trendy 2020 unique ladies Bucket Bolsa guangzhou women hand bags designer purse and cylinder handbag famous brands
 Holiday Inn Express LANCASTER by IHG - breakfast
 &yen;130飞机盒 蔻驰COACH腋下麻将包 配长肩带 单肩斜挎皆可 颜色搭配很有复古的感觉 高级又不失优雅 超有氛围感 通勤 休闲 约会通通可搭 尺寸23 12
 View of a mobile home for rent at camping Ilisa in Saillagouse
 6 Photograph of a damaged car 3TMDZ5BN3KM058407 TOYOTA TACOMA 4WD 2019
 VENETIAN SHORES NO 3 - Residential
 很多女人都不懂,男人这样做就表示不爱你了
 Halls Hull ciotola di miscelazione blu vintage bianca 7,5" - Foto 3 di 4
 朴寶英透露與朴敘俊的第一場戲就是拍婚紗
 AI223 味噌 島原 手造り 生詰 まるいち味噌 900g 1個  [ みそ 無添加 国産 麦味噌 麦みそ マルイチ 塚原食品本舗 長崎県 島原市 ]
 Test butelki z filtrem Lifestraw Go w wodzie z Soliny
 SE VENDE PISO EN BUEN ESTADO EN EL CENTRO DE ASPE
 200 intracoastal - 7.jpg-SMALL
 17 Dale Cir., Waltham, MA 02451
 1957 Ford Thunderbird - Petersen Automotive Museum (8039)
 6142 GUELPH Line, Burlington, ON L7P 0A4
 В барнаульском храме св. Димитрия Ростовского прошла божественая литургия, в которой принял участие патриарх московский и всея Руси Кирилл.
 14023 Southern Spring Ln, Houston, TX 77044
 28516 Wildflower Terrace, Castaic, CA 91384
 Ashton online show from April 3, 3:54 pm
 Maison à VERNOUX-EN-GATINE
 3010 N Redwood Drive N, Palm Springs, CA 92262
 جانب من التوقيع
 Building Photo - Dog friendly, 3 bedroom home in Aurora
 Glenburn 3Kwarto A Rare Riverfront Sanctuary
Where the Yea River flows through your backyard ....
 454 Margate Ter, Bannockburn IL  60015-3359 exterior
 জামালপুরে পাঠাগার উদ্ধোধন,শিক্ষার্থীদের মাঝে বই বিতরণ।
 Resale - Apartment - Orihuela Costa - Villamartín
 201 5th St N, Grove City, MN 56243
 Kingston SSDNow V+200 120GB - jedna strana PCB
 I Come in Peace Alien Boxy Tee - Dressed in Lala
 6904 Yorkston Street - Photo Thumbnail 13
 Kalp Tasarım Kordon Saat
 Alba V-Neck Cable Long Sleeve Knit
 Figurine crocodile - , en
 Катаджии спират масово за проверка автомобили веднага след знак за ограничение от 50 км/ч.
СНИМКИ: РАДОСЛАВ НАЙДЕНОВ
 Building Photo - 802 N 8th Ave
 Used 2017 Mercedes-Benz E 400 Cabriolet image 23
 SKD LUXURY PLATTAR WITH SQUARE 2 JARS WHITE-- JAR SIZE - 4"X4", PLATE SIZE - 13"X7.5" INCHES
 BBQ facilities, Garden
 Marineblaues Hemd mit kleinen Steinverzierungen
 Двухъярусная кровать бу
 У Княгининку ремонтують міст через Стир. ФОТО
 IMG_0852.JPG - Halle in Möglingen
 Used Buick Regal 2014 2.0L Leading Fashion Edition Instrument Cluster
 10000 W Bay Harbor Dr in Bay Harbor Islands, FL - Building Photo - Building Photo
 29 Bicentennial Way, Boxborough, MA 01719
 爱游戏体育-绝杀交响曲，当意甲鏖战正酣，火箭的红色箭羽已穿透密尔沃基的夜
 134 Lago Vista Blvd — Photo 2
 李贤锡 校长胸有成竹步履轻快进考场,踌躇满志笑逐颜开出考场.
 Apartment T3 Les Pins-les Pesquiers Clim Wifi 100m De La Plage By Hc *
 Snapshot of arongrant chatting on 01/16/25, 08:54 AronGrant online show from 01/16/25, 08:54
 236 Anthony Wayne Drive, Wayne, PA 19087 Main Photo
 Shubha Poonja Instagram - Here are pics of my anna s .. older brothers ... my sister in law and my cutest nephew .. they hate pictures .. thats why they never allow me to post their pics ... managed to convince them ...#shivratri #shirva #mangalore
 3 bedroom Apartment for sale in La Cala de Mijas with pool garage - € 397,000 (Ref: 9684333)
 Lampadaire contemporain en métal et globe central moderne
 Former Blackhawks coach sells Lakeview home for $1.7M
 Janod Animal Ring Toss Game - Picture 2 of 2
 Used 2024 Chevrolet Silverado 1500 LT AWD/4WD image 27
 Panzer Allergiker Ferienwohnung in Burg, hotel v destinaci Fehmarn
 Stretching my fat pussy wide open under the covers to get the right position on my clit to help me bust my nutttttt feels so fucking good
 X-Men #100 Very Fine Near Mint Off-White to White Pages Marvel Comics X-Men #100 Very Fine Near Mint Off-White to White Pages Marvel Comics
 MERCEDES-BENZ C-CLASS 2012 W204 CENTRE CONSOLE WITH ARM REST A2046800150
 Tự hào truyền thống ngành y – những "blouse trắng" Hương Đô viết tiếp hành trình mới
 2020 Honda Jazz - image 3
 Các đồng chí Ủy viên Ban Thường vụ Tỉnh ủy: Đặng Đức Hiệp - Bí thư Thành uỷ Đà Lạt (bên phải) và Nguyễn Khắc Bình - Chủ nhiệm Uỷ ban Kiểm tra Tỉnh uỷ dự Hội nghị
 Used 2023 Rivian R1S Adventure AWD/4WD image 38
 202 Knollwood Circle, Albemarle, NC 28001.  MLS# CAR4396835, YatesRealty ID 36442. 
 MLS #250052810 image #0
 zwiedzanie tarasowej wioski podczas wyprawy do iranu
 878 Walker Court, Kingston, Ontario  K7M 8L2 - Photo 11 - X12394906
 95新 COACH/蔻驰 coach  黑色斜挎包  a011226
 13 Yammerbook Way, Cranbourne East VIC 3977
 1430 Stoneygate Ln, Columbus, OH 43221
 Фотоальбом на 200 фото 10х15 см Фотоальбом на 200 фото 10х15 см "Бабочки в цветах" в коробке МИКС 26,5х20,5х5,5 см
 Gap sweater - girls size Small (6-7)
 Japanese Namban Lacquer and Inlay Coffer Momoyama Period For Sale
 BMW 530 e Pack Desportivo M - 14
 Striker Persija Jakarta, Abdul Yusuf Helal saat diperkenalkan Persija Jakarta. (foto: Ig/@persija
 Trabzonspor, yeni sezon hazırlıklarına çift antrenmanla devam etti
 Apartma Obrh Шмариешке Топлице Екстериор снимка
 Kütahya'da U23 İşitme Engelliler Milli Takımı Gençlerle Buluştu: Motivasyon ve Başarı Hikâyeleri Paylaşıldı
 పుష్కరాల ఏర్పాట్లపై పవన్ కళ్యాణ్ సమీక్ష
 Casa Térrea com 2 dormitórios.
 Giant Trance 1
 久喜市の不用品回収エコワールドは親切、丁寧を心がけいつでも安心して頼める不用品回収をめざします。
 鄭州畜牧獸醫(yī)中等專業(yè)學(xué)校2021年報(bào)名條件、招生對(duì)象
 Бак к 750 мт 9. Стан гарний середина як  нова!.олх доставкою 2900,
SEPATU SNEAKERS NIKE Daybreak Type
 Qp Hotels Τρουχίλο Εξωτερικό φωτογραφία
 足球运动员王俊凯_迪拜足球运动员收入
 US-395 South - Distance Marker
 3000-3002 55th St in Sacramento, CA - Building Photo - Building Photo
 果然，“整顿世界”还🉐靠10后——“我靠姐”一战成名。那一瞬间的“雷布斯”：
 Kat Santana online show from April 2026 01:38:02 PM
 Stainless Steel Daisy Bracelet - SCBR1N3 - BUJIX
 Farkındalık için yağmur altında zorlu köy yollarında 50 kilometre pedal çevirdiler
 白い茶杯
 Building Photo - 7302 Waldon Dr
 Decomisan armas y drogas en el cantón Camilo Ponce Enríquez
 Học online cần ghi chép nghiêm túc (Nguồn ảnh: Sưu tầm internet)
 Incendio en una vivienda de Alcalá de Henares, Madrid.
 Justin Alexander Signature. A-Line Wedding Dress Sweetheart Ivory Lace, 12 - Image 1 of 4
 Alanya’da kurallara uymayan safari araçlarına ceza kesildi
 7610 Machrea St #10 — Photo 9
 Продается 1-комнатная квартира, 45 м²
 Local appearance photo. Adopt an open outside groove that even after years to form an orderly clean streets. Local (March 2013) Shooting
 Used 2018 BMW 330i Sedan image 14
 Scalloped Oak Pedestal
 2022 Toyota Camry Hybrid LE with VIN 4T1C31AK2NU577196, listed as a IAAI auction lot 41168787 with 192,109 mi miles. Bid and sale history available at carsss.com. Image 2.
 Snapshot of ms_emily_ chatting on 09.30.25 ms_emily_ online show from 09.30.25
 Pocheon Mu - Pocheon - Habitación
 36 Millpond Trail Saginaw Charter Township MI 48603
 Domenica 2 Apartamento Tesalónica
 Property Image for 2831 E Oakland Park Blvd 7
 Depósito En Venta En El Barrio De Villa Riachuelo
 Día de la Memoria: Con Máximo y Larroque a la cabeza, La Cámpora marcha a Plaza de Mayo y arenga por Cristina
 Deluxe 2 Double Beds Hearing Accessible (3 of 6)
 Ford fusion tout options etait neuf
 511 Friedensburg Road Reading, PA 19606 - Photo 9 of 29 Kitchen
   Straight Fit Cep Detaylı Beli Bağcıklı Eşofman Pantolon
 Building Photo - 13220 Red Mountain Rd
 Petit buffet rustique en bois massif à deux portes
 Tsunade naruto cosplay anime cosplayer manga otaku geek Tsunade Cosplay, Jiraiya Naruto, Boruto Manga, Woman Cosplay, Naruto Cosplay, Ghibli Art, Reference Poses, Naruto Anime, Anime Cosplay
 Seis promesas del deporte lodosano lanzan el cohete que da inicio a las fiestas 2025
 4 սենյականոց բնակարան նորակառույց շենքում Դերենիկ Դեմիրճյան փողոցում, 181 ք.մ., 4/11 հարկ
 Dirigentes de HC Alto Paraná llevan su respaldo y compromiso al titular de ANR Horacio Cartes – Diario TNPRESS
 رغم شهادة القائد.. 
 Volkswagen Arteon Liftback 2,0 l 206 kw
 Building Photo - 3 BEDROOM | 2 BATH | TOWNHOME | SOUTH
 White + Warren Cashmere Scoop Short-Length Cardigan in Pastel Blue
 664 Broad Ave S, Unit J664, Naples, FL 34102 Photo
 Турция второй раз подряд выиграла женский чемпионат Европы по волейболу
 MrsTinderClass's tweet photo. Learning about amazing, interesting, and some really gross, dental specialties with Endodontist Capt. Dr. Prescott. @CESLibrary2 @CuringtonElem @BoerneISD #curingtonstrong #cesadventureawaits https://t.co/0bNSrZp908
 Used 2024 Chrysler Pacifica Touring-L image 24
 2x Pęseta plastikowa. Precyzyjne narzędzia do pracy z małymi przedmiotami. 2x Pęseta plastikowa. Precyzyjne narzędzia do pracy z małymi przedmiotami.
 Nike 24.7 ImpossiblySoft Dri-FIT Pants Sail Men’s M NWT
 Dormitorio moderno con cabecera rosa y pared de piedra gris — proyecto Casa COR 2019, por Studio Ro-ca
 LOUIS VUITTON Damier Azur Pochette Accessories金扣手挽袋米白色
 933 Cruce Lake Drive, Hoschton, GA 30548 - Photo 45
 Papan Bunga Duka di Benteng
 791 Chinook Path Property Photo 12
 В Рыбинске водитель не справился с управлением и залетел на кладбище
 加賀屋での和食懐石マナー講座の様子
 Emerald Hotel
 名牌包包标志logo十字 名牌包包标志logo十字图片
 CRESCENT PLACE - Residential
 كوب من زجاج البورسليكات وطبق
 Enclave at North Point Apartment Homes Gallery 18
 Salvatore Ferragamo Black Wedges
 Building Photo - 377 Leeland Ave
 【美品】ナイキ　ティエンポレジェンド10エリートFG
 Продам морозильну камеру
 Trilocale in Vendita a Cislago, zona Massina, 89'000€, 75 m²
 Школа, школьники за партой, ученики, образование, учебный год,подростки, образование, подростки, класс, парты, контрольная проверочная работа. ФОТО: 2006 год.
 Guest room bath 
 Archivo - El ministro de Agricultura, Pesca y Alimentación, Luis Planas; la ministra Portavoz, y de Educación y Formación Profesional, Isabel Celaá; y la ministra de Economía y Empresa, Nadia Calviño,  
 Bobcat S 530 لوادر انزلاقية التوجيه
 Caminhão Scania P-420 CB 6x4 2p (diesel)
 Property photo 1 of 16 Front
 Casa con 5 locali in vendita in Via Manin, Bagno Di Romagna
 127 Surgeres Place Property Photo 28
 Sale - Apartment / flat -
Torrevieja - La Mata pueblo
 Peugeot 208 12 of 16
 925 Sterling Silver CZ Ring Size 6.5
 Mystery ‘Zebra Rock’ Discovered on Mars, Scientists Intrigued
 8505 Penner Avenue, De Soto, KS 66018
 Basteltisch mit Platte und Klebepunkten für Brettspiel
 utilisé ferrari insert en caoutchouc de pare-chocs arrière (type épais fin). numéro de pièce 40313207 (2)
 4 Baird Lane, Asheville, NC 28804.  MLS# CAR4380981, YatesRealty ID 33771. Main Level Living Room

WHAT THE TASK REQUIRES
Where the line containing "Trilocale in Vendita" appears in the records above, begin copying and continue through the last line; copy each line exactly and include no others.

SOLUTION TO THIS TASK
 Trilocale in Vendita a Cislago, zona Massina, 89'000€, 75 m²
 Школа, школьники за партой, ученики, образование, учебный год,подростки, образование, подростки, класс, парты, контрольная проверочная работа. ФОТО: 2006 год.
 Guest room bath 
 Archivo - El ministro de Agricultura, Pesca y Alimentación, Luis Planas; la ministra Portavoz, y de Educación y Formación Profesional, Isabel Celaá; y la ministra de Economía y Empresa, Nadia Calviño,  
 Bobcat S 530 لوادر انزلاقية التوجيه
 Caminhão Scania P-420 CB 6x4 2p (diesel)
 Property photo 1 of 16 Front
 Casa con 5 locali in vendita in Via Manin, Bagno Di Romagna
 127 Surgeres Place Property Photo 28
 Sale - Apartment / flat -
Torrevieja - La Mata pueblo
 Peugeot 208 12 of 16
 925 Sterling Silver CZ Ring Size 6.5
 Mystery ‘Zebra Rock’ Discovered on Mars, Scientists Intrigued
 8505 Penner Avenue, De Soto, KS 66018
 Basteltisch mit Platte und Klebepunkten für Brettspiel
 utilisé ferrari insert en caoutchouc de pare-chocs arrière (type épais fin). numéro de pièce 40313207 (2)
 4 Baird Lane, Asheville, NC 28804.  MLS# CAR4380981, YatesRealty ID 33771. Main Level Living Room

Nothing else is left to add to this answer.